Set in Stone
- First edition cover
- Author: Linda Newbery
- Language: English
- Genre: Fantasy
- Publisher: David Fickling Books
- Publication place: United Kingdom
- Pages: 357
- ISBN: 978-0-385-75103-2
- OCLC: 61131736

= Set in Stone (novel) =

Children's fantasy novel written by Linda Newbery

Set in Stone is a children's fantasy novel written by Linda Newbery. It received the Costa Children's Book of the Year Prize for 2006, and was nominated for the 2007 Carnegie Medal.

==Plot summary==
Samuel Godwin, an aspiring artist, is forced to drop out of art school following his father's death. Without any qualifications, he contemplates what to do for work. Wealthy businessman Ernest Farrow advertises for an art tutor for his two daughters, and Godwin successfully applies for the position.
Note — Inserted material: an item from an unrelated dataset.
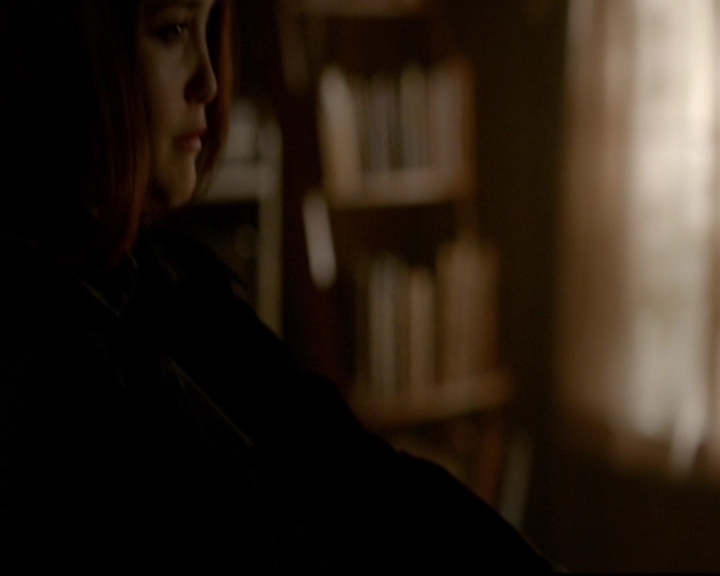 VampireDiariesWorld-dot-nl_TheOriginals_3x13HeartShapedBox1114.jpg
He moves into Farrow's mansion, Fourwinds, with adequate time to pursue his own art. Godwin becomes infatuated with Farrow's youngest daughter, Marianne, but questions remain unanswered. Marianne wanders the grounds at night, while her sister, Juliana, is always quiet and sad. Godwin discovers the previous art tutor, a talented sculptor, was sent away from Fourwinds before he finished his masterpiece.

==Major themes==
Although written as a children's book and nominated in awards categories for eight- to fourteen-year-olds, critics have said that it should not be read by under fourteen-year-olds due to the themes of incest in the book. The author, Linda Newbery, considers the book to be young adult fiction rather than specifically for children.

The novel is set in 19th-century England, influenced by Wilkie Collins and Charlotte Brontë, with hints of Victorian gothic. The book alternates between the point of view of two different characters, in alternating chapters.

==Reception==
Norah Piehl reviewed the book for TeenReads.com. She described the plot as "sensational" which "will keep readers wide awake and shivering late into the night". Two children who read the book on behalf of the BBC One's Newsround Press Pack whilst on the Costa Book Awards panel did not like the book compared to others on the shortlist. One did not think it was his type of book, while the other preferred a different shortlisted book, The Diamond of Drury Lane.

==Awards and nominations==
Set in Stone won the 2006 Costa Book Awards prize for Best Children's Book. The other shortlisted books were David Almond's Clay, Julia Golding's The Diamond of Drury Lane and Meg Rosoff's Just in Case. Following that win, the book was placed on the shortlist for Book of the Year, but that ultimately went to Stef Penney's The Tenderness of Wolves which had qualified for the list by winning the First Novel award. The novel was also nominated for the 2007 Carnegie Medal.